Friday, May 26, 2006
Freak Out Explained
Right, so that wasn't terribly fair of me. I got distracted what with Sarah coming to visit and all. So blame her.
There I was, alone on the reference desk. The only librarian around, and by default in charge. Minding my own business, when R and K (circ and page) walk up to the desk. They have this hesitant look in their eyes, but I don't know that this is a bad sign. I catch on when they start talking:
"We're so sorry."
"You're in charge of the library."
"Uh-uh. No I'm not."
"You're the only librarian here, you are."
"But I don't want to be."
"Fine, what's wrong."
"That guy over at the copy machine said that there were these two teens on bikes..."

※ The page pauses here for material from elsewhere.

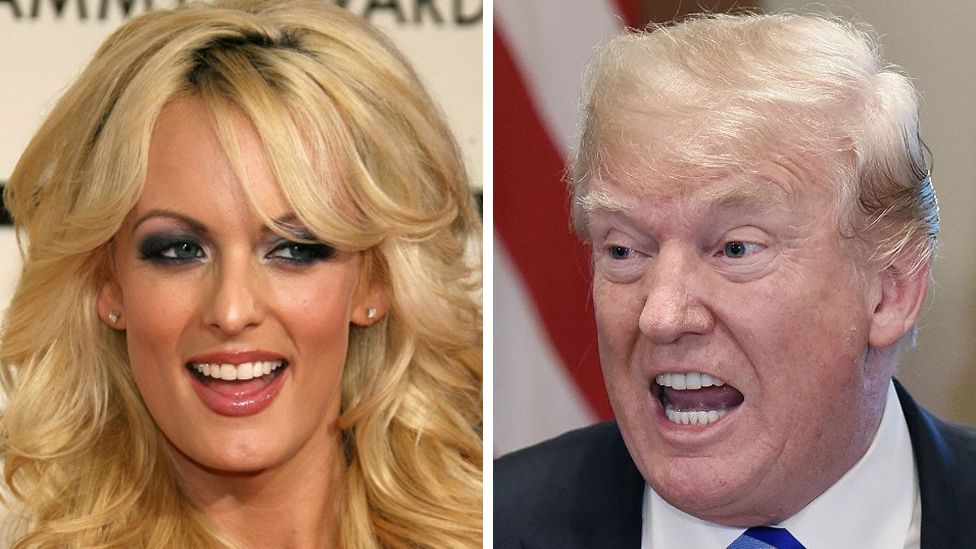 Composite image of Stormy Daniels and Donald Trump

On go the latex gloves. On go the protective second pair. Out I march, page by my side for emotional support. Into the foyer. To stop and stare for 10 minutes, repressing the urge to shout profanities with vigor, before I can the gather the courage and master the crawling revulsion shuddering through me. What was creating such a ruckus in my life, you ask? Why the lovely two and a half foot dead snake left in front of our entryway. Yes, I said snake. Clearly dead, I just needed to make sure, so I tried to nudge it with my foot. This was also supposed to give me an indication of the weight and movement of the specimen, better enabling me to dispose of it as quickly and with as little ick factor as possible. Of course, I've forgotten that I'm wearing ill-fitting clogs, so my nudge turns into leaving the shoe directly on top of the now confirmed dead snake. Eventually, I pick up the snake with two fingers, promptly grossing myself out, dropping the darn thing and missing the bag entirely. Sucking it up I do manage to get the snake in the plastic bag and into the dumpster. I don't know if that was what I was supposed to do, but it's what I did, and By God I don't want to do it again.
The picture? That's me going to my happy place.